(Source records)
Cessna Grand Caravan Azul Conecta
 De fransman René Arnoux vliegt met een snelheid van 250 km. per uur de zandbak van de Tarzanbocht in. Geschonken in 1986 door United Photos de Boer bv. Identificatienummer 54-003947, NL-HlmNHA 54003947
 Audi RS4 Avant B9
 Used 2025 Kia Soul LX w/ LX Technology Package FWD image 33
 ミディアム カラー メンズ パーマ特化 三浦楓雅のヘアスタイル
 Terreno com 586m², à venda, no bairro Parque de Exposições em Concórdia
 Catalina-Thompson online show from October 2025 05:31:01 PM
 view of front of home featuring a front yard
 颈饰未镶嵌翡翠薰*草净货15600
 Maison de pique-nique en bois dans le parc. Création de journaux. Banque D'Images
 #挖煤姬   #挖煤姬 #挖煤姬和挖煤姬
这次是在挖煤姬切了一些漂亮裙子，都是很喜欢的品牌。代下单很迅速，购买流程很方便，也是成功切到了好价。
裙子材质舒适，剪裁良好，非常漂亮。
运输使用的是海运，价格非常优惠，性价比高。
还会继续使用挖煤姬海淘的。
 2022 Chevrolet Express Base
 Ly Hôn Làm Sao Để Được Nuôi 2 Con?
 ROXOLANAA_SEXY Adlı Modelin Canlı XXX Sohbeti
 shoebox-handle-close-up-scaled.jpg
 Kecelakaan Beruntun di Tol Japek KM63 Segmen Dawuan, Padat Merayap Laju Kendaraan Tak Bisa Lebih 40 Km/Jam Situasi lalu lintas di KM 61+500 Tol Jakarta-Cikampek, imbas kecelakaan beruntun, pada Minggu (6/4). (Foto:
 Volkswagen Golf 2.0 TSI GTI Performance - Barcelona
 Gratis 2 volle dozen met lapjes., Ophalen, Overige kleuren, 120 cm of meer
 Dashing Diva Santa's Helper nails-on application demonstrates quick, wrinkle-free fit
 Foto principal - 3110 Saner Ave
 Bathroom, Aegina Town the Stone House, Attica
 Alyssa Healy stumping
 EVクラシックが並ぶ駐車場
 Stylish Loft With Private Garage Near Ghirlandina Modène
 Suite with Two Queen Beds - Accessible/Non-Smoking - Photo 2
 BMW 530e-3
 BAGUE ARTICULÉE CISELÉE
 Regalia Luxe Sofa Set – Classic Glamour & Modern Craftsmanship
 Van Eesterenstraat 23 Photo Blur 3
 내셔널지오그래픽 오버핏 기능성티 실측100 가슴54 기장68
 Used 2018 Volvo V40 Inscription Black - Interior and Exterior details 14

● Goal of the exercise
The response should be a verbatim transcription of the data.

● Exercise response
Cessna Grand Caravan Azul Conecta
 De fransman René Arnoux vliegt met een snelheid van 250 km. per uur de zandbak van de Tarzanbocht in. Geschonken in 1986 door United Photos de Boer bv. Identificatienummer 54-003947, NL-HlmNHA 54003947
 Audi RS4 Avant B9
 Used 2025 Kia Soul LX w/ LX Technology Package FWD image 33
 ミディアム カラー メンズ パーマ特化 三浦楓雅のヘアスタイル
 Terreno com 586m², à venda, no bairro Parque de Exposições em Concórdia
 Catalina-Thompson online show from October 2025 05:31:01 PM
 view of front of home featuring a front yard
 颈饰未镶嵌翡翠薰*草净货15600
 Maison de pique-nique en bois dans le parc. Création de journaux. Banque D'Images
 #挖煤姬   #挖煤姬 #挖煤姬和挖煤姬
这次是在挖煤姬切了一些漂亮裙子，都是很喜欢的品牌。代下单很迅速，购买流程很方便，也是成功切到了好价。
裙子材质舒适，剪裁良好，非常漂亮。
运输使用的是海运，价格非常优惠，性价比高。
还会继续使用挖煤姬海淘的。
 2022 Chevrolet Express Base
 Ly Hôn Làm Sao Để Được Nuôi 2 Con?
 ROXOLANAA_SEXY Adlı Modelin Canlı XXX Sohbeti
 shoebox-handle-close-up-scaled.jpg
 Kecelakaan Beruntun di Tol Japek KM63 Segmen Dawuan, Padat Merayap Laju Kendaraan Tak Bisa Lebih 40 Km/Jam Situasi lalu lintas di KM 61+500 Tol Jakarta-Cikampek, imbas kecelakaan beruntun, pada Minggu (6/4). (Foto:
 Volkswagen Golf 2.0 TSI GTI Performance - Barcelona
 Gratis 2 volle dozen met lapjes., Ophalen, Overige kleuren, 120 cm of meer
 Dashing Diva Santa's Helper nails-on application demonstrates quick, wrinkle-free fit
 Foto principal - 3110 Saner Ave
 Bathroom, Aegina Town the Stone House, Attica
 Alyssa Healy stumping
 EVクラシックが並ぶ駐車場
 Stylish Loft With Private Garage Near Ghirlandina Modène
 Suite with Two Queen Beds - Accessible/Non-Smoking - Photo 2
 BMW 530e-3
 BAGUE ARTICULÉE CISELÉE
 Regalia Luxe Sofa Set – Classic Glamour & Modern Craftsmanship
 Van Eesterenstraat 23 Photo Blur 3
 내셔널지오그래픽 오버핏 기능성티 실측100 가슴54 기장68
 Used 2018 Volvo V40 Inscription Black - Interior and Exterior details 14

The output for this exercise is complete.